__ASSIGNED TASK__
Set the listing down exactly; no pictures.

__DATASET EXCERPTS__
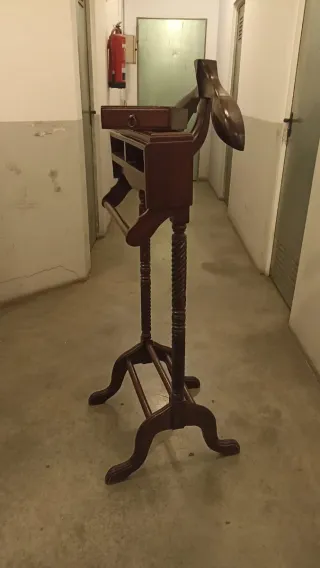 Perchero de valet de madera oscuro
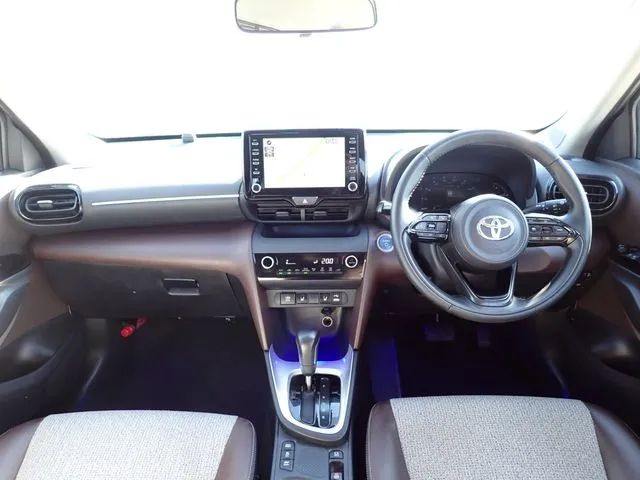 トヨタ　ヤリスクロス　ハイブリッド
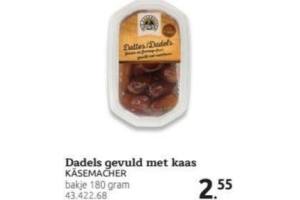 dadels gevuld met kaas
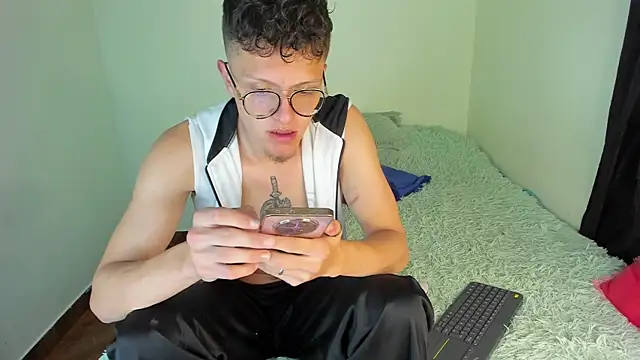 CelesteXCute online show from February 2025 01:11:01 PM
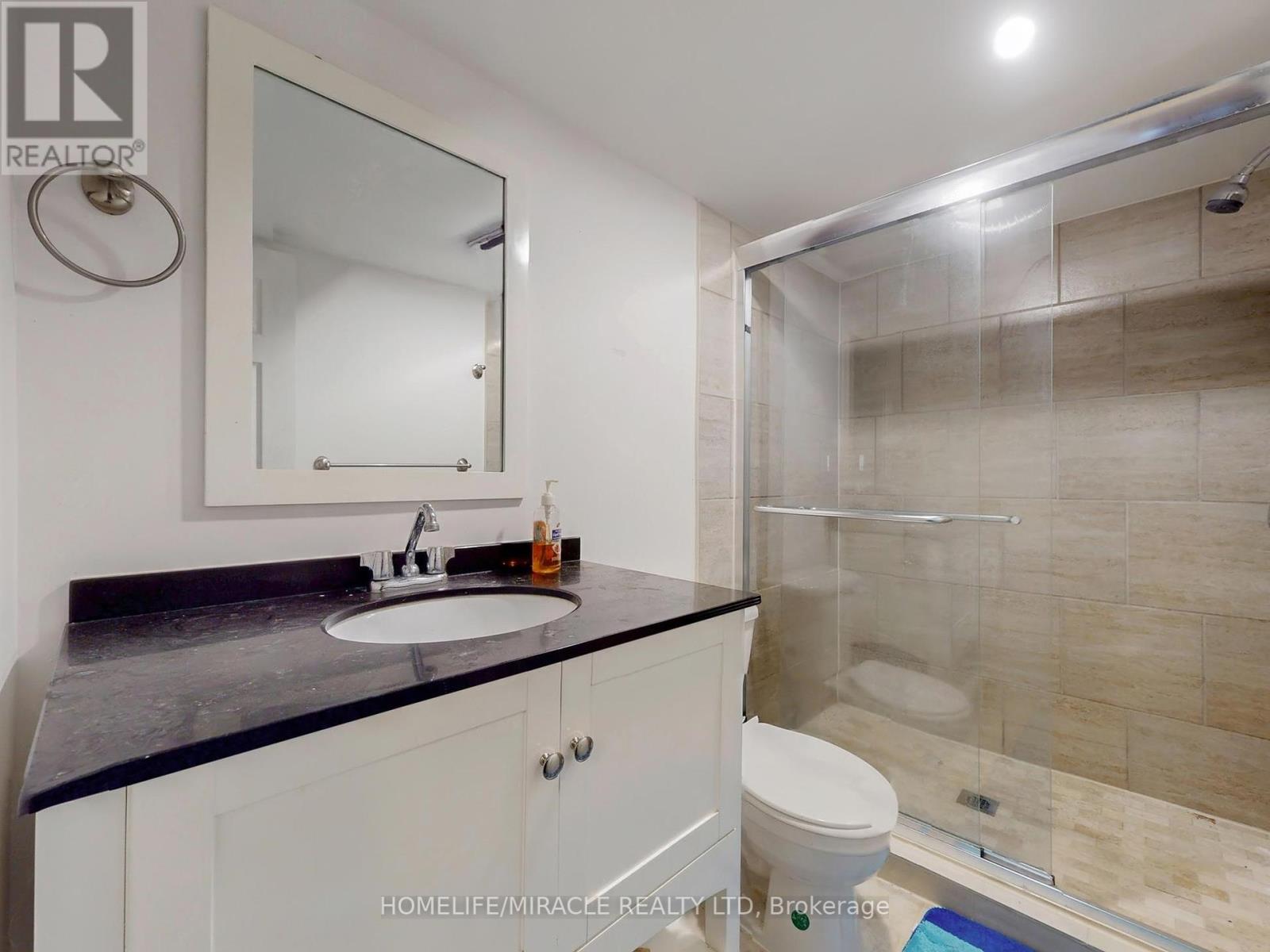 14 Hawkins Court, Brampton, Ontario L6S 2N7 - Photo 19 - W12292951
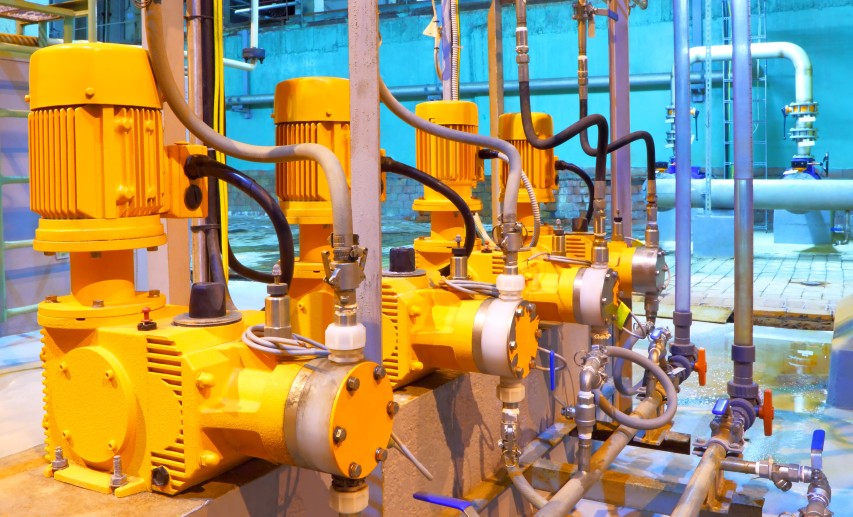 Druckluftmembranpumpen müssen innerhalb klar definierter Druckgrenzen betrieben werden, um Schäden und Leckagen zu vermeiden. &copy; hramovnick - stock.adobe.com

__RESULT OF THE TASK__
 Perchero de valet de madera oscuro
 トヨタ　ヤリスクロス　ハイブリッド
 dadels gevuld met kaas
 CelesteXCute online show from February 2025 01:11:01 PM
 14 Hawkins Court, Brampton, Ontario L6S 2N7 - Photo 19 - W12292951
 Druckluftmembranpumpen müssen innerhalb klar definierter Druckgrenzen betrieben werden, um Schäden und Leckagen zu vermeiden. &copy; hramovnick - stock.adobe.com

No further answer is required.